Thousands of people are going to die, untold numbers outside the United States, and our political system & political values are apparently simply incapable of stopping it.

God bless the Free Republic chowderheads for stealing the whole thing. It’s available here:

http://www.freerepublic.com/focus/f-news/1318735/posts

The comments are hilarious. And a perfect example of why I think we’re doomed.

  • 2009 - The X-5 block of Project Manticore make a daring attempt at escape. Zack, the leader of the X-5 unit, helps Max Guevara to successfully escape. Terrorists set off an electromagnetic pulse 80 miles above the US, which single-handedly brings it to its knees. An electro-magnetic pulse disables any electrical apparatus within its blast radius. Data stored on hard disks and other storage media (including financial information stored on a bank’s computer) is completely erased beyond recovery. America becomes another broke ex-superpower looking for a handout.

Yeah yeah, go ahead and laugh. We cannot stop a single thing on that list, and our foreign policy is making it ever more likely someone’s going to decide to do them.

That all sounds like a novel. Something made up that could never possibly happen. I know it could though.

Freaky.

That’s what I thought back in 2001. Sure, it’s possible, but who would bother?

Example footnote: Survelliance tapes obtained in 2002 by the Justice Department in Detroit & Spanish authorities in Madrid had survelliance footage of the WTC, Las Vegas casinos, and Disneyland. Alerts issued? Nope. Security increased? Nope.

A commentary from Free Republic :

“And every time he opens his mouth he just adds more proof the Bush was right.”

Yeah, we’re doomed.

“In 2010, Jason McCullough stopped replying to himself. We knew this was a serious sign of the apocalypse.”

Clarke has inside knowledge! He must be a terrorist!

Any them terrorists come south of 47th, I’m-a bust they ass. I’ll be like, POP POP POW! Then I get in my motherfuckin’ Escalade and run over they ass.

The future is now!

Jason- Uh, yeah, that’s fiction. “18 governors”? Come on. It’s written in the same breathless style as the Turner Diaries.

Did you want to move out of America when you saw Independance Day?

So we should continue pouring 10s of billions into Iraq and do next to nothing to improve our border security and air and sea ports? I’ve yet to see one scenario written out in detail on how exactly democracy will springboard from a democratized Iraq to the rest of the Middle East.

Classic.

Jason,

The article is fearmongering of the worst sort. It’s the kind of thing liberals castigated Bush & Co. for during the previous four years - it really does read like something written by Tom Clancy.
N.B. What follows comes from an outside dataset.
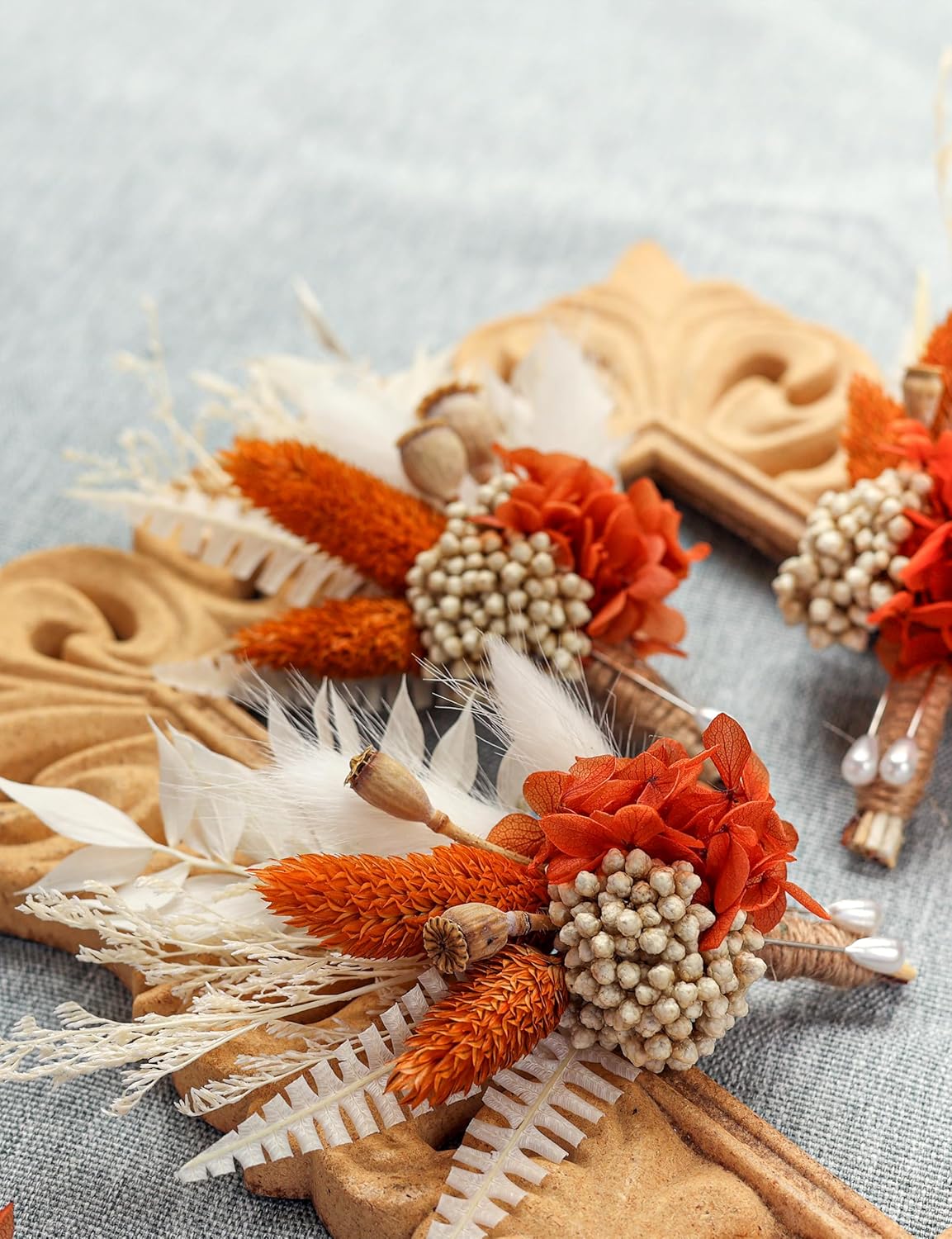 Dried Flower Boutonniere 6-Piece Set for Men&#x27;s Boho Wedding Boutonniere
That being said, it’s also useful to expose some of the (many) deficiencies in domestic security.

The problem is breathless stuff like “omg I’m going to move to Canada!” isn’t going to do anything - if you want to have a dialogue about this stuff, I’d suggest presenting something to support Richard Clarke’s attempt at genre fiction.

JD

Jason, you wouldn’t give in to the bullshit fear tactics used by the Bush administration, would you? Don’t be so quick to believe the same tactics used by the other side.